Problem description >> Give again, exactly as written, each line of the material below starting at the line that contains "Female One Line Art 625 Poster" and ending at the line that contains "FirseBUY Capture Every". Both ends count, and no other line does.
____ Given data
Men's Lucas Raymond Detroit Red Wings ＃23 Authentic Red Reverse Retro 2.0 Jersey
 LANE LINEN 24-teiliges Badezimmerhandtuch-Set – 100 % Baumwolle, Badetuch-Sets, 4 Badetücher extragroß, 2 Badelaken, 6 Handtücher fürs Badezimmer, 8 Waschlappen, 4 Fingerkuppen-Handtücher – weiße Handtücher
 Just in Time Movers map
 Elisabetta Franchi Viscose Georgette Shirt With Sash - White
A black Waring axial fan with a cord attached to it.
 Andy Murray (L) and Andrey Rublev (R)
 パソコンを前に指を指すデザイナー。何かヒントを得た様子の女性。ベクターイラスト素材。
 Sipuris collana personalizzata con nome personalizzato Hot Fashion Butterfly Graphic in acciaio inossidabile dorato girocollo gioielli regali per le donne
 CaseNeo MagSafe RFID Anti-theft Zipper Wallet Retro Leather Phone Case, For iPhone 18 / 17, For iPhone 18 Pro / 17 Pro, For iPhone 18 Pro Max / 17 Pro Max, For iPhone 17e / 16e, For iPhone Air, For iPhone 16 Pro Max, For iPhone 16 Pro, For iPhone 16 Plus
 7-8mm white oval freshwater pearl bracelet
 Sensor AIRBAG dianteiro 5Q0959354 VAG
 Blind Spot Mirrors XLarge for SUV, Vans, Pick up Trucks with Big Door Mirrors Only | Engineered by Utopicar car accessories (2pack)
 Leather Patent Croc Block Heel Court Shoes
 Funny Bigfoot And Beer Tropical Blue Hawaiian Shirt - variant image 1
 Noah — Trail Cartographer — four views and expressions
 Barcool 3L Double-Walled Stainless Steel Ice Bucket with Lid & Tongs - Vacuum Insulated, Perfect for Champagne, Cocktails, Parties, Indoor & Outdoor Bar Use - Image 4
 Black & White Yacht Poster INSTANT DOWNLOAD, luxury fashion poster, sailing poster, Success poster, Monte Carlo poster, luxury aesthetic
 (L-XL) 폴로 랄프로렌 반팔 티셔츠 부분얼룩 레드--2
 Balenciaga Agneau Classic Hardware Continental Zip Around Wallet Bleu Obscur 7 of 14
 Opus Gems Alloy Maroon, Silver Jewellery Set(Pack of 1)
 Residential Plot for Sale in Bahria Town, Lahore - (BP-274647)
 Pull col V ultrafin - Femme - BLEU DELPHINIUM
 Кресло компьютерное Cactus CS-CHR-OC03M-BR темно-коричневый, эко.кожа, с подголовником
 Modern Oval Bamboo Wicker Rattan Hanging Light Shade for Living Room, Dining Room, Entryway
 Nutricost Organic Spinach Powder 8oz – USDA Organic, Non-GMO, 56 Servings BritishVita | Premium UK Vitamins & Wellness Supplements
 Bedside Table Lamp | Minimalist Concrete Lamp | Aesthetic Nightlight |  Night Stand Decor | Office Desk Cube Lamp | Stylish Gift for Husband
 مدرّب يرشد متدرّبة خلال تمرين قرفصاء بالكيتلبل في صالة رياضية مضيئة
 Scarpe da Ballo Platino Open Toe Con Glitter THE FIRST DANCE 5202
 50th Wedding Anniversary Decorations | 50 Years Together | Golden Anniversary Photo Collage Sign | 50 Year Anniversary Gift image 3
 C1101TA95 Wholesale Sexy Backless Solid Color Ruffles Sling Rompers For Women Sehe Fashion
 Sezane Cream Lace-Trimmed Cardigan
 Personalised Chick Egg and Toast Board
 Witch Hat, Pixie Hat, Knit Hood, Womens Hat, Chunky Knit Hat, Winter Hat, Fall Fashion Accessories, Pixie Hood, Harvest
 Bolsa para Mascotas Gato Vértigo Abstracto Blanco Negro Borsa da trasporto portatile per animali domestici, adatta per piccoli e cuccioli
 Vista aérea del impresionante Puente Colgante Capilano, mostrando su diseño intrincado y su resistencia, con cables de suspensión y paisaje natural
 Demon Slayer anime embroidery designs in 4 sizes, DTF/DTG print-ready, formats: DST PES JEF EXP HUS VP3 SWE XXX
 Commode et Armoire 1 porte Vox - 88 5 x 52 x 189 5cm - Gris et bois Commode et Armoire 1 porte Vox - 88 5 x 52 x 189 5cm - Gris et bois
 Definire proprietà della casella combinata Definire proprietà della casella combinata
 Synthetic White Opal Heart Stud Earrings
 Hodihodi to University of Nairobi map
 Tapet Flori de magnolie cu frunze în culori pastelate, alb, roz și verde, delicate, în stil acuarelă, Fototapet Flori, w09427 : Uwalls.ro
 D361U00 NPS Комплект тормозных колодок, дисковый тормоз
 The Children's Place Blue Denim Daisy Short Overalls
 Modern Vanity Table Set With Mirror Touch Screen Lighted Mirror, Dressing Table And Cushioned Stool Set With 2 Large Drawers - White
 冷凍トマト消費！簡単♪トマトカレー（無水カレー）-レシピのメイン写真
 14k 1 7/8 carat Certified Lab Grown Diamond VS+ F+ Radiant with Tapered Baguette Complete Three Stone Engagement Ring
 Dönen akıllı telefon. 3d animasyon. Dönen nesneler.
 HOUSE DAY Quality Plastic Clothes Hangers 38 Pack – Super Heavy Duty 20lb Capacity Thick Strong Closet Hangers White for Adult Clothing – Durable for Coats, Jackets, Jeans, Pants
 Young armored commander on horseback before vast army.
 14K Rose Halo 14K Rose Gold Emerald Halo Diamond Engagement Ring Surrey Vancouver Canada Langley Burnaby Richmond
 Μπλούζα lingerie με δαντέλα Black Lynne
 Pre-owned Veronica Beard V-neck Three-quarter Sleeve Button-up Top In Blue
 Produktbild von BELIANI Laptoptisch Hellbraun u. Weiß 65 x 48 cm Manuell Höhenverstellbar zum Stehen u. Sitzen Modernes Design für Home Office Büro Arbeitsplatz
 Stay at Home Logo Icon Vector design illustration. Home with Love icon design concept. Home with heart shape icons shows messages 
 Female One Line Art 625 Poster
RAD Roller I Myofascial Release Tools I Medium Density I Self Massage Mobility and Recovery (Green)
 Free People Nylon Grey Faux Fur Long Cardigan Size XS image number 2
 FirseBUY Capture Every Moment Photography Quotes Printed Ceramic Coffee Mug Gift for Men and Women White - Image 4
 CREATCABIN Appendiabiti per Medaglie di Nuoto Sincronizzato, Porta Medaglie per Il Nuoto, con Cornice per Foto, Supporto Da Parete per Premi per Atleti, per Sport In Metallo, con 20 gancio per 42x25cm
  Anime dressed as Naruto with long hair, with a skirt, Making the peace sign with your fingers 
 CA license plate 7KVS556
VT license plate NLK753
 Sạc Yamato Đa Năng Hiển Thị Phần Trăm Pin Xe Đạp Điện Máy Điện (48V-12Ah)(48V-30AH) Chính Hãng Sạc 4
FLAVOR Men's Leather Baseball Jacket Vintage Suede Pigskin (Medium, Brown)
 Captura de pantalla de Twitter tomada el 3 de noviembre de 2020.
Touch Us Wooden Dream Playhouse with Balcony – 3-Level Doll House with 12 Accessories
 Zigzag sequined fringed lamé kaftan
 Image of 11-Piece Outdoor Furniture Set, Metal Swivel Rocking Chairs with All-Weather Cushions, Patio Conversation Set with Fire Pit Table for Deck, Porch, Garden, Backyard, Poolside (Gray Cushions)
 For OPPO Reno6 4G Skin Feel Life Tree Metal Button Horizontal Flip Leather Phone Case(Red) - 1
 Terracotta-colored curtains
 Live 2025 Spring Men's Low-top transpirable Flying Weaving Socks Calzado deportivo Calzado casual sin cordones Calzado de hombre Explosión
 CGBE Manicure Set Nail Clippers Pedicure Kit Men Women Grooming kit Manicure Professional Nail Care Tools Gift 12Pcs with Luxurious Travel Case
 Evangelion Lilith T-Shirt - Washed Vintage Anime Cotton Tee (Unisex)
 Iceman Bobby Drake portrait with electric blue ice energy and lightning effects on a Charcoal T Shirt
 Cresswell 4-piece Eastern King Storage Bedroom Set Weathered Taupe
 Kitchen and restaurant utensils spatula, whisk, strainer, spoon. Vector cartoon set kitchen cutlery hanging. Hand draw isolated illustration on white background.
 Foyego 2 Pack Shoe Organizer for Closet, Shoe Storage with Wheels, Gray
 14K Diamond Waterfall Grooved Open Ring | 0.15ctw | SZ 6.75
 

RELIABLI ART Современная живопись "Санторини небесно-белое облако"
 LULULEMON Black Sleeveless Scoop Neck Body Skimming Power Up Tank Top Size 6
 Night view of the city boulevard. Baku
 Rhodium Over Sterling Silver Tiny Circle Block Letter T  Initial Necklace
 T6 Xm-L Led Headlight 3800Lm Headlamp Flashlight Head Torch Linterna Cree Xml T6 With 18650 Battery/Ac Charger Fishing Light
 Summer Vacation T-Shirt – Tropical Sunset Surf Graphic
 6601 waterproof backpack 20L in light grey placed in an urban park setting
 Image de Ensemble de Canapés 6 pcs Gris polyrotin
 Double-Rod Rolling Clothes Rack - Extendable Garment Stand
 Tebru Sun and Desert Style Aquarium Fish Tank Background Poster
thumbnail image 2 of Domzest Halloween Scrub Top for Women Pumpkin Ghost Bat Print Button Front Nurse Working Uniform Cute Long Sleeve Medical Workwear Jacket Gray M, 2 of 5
________
Your response >>
 Female One Line Art 625 Poster
RAD Roller I Myofascial Release Tools I Medium Density I Self Massage Mobility and Recovery (Green)
 Free People Nylon Grey Faux Fur Long Cardigan Size XS image number 2
 FirseBUY Capture Every Moment Photography Quotes Printed Ceramic Coffee Mug Gift for Men and Women White - Image 4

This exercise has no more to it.